Could you please output only the lines from the one holding "SONNI Duschkabine Duschschiebetür" through the end of the listing below, exactly as written and without pictures?
————————
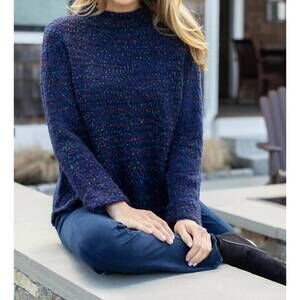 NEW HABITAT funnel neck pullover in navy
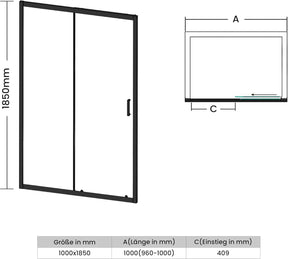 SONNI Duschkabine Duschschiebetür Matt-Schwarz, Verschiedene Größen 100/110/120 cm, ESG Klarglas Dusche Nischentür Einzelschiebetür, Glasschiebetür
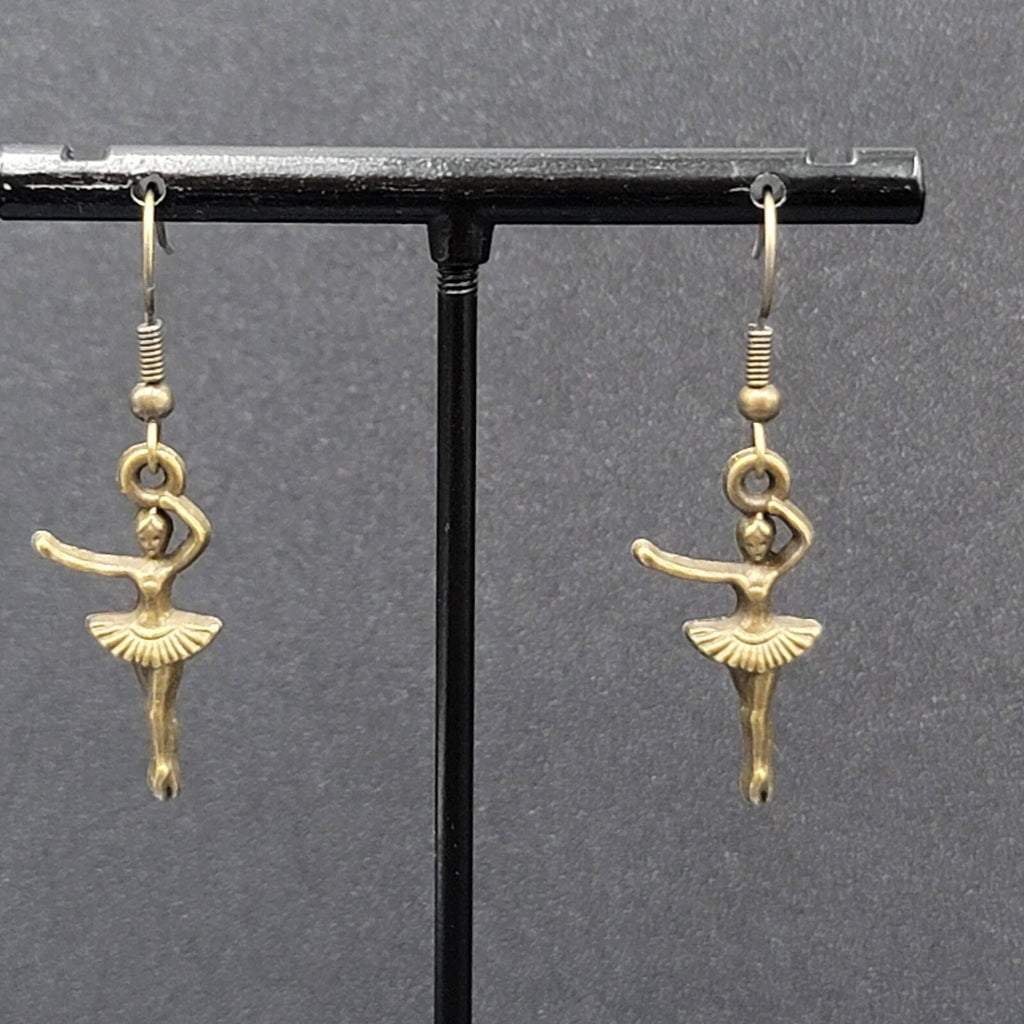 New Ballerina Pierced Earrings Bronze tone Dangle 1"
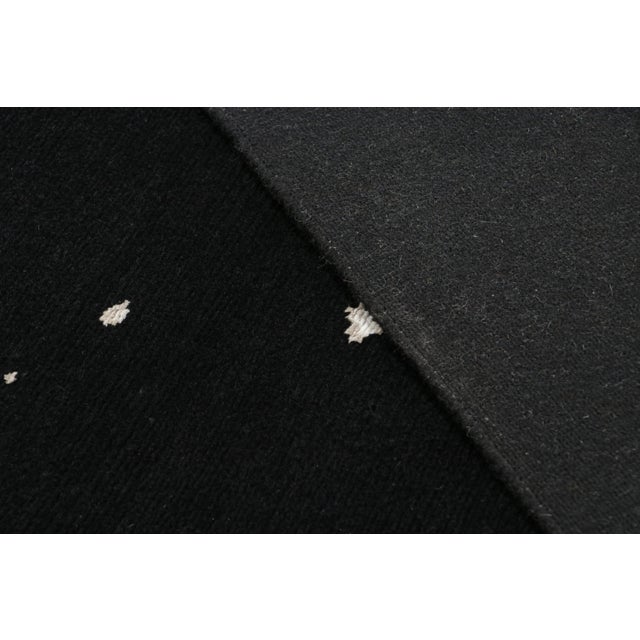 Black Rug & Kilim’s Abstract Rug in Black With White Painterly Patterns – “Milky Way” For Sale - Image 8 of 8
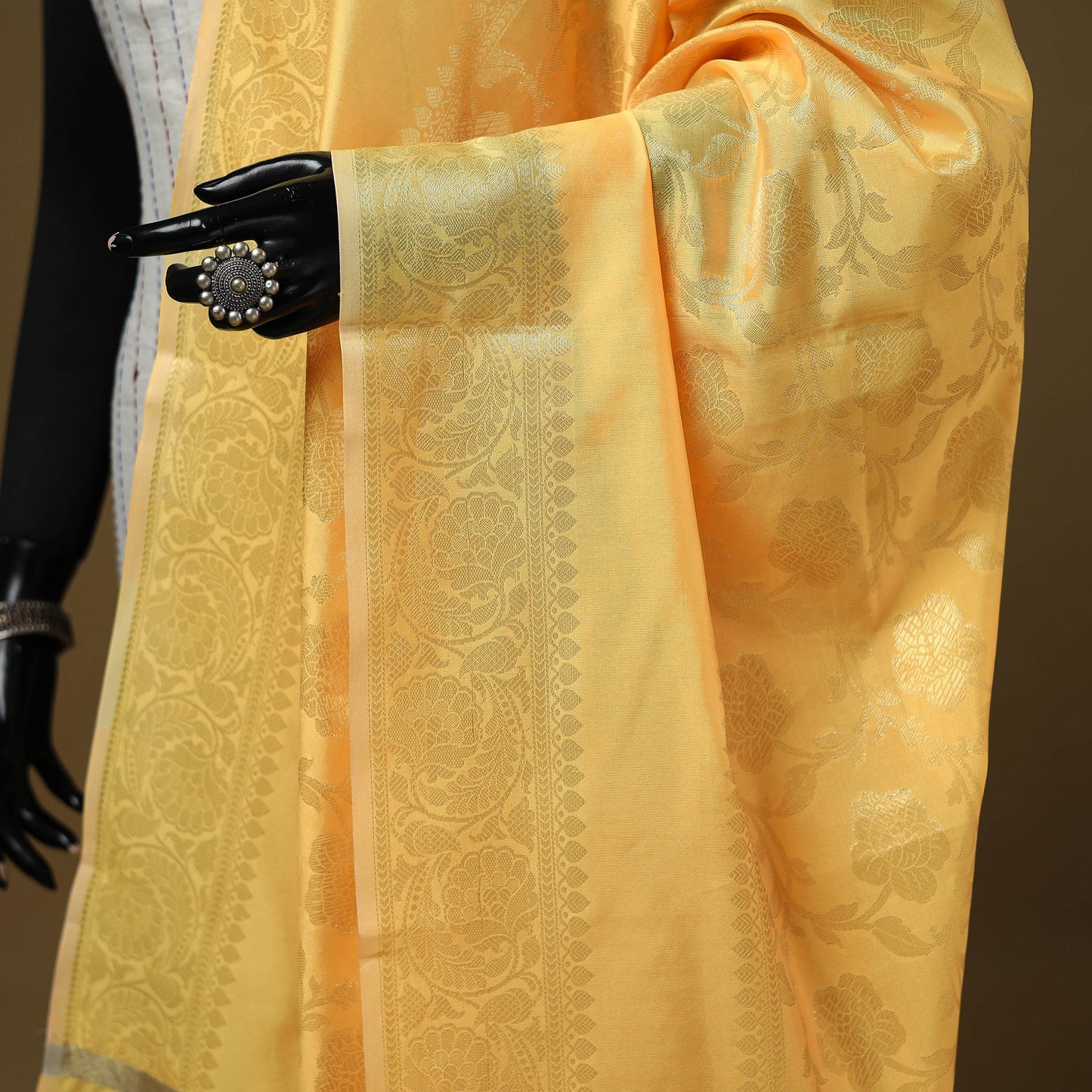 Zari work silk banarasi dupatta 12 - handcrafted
————————
**Response area:**
 SONNI Duschkabine Duschschiebetür Matt-Schwarz, Verschiedene Größen 100/110/120 cm, ESG Klarglas Dusche Nischentür Einzelschiebetür, Glasschiebetür
 New Ballerina Pierced Earrings Bronze tone Dangle 1"
 Black Rug & Kilim’s Abstract Rug in Black With White Painterly Patterns – “Milky Way” For Sale - Image 8 of 8
 Zari work silk banarasi dupatta 12 - handcrafted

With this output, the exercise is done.